Look through the listing below for the line with "Hello friends, welcome" and the line with "Now, we'll be". Copy both, along with every line between them, exactly and with no pictures.

Extracted records:
---------------
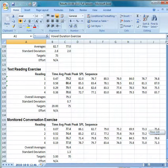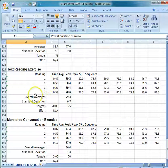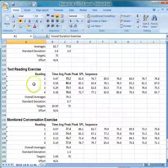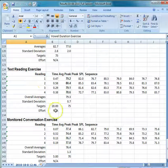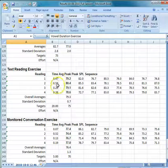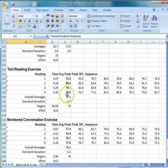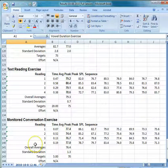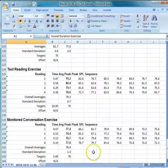And finally, any text reading or conversation. In this session, there were four different text reading sessions, the average time of each of those sessions, and the average SPL, as well as four monitored conversation activities — the time or duration of those activities and the SPL.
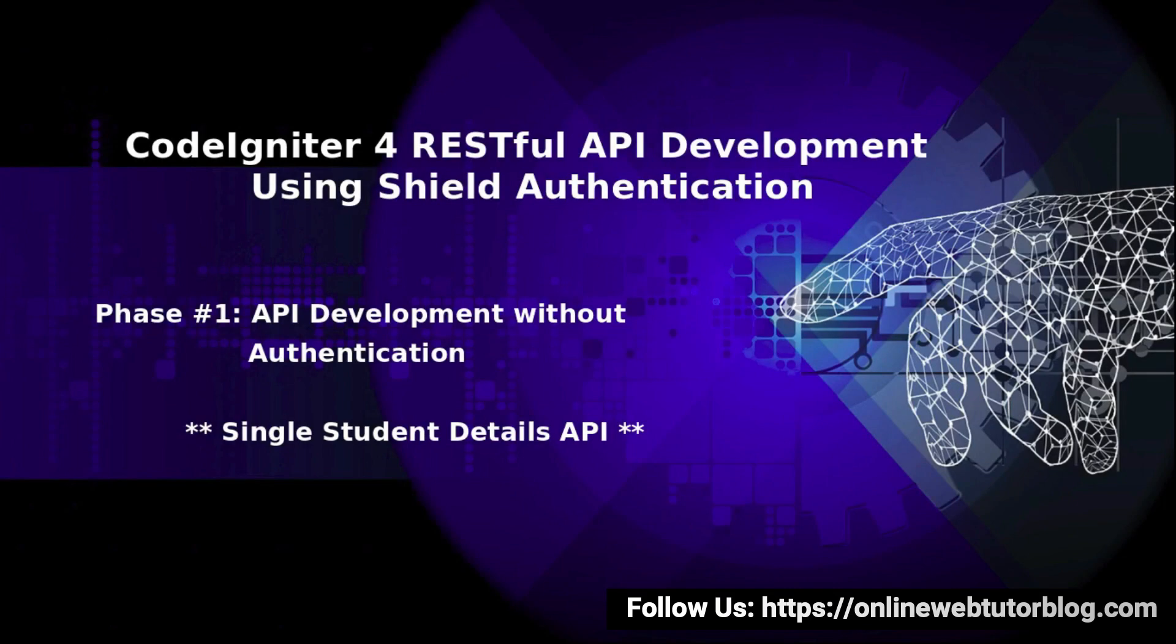Hello friends, welcome to the course of CodeIgniter for RESTful API development using Shield Authentication. Inside this video, we'll discuss the Single Student Details API.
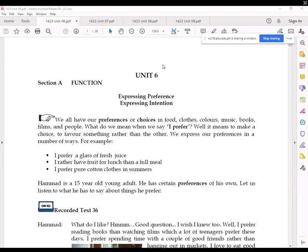Now, we'll be looking at a text where a 15-year-old young boy named Hamad is trying to share his preferences. Let's have a look.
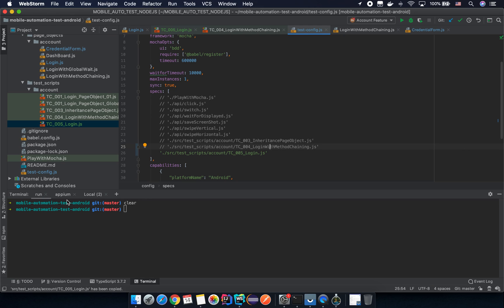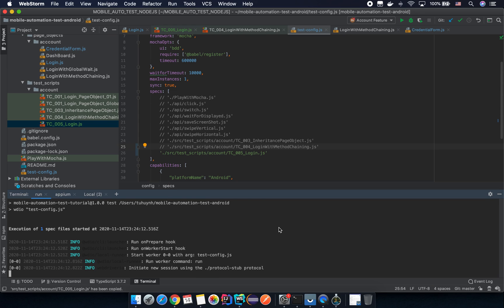Make sure you have started the Appium server already and you've connected your device to your laptop or PC, and then trigger the test command: npm test with the test configuration. Let's rerun it.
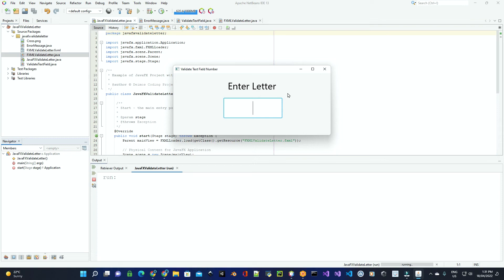For today's project, I'm going to show you how to validate a JavaFX text field for alphabetic letters.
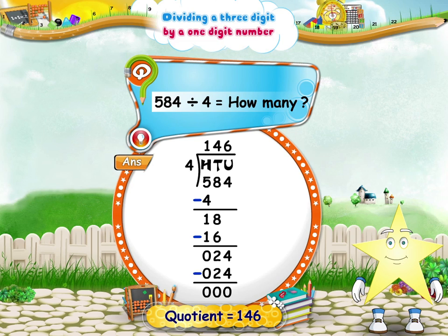Study, wasn't that interesting? You have learnt to divide a three-digit number by a one-digit number.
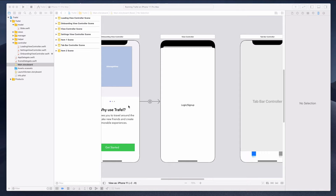Hi guys, how's it going and welcome to this lecture. In this lecture, we will be building the UI for the login and sign up page.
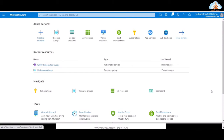Hi all, welcome back to the lecture on Microsoft Azure AZ-900. In this lecture, we will deploy an Azure Kubernetes cluster using the Azure portal. So let's get started.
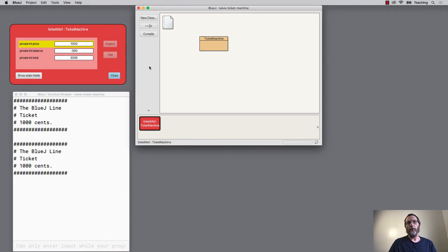We've seen a couple of examples in the naive ticket machine where it would be useful to check whether it's appropriate to take a particular action — such as registering an illegal amount of money, or printing a ticket if insufficient money has been inserted. Let's go back to the slides and see what Java provides us with to make those kinds of decisions: shall I do this? Shall I not do this? Or should I do something else?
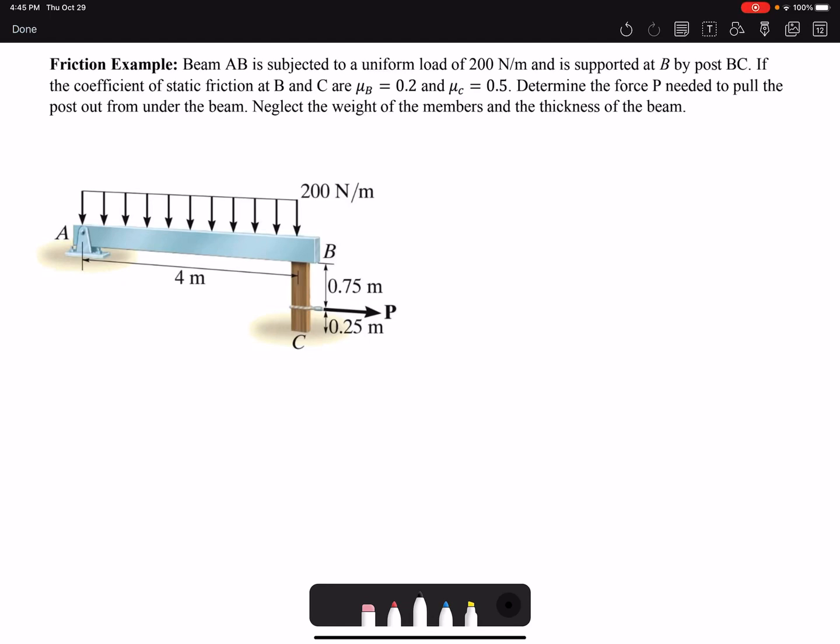Hello everyone. In this video I'm going to solve a friction example. We have a beam under distributed loading which is supported by a pin at A and also a post BC. We want to apply load P to remove the post from under the beam and we want to find out the force that it takes to remove post BC.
---------------
Your response:
Hello friends, welcome to the course of CodeIgniter for RESTful API development using Shield Authentication. Inside this video, we'll discuss the Single Student Details API.
Now, we'll be looking at a text where a 15-year-old young boy named Hamad is trying to share his preferences. Let's have a look.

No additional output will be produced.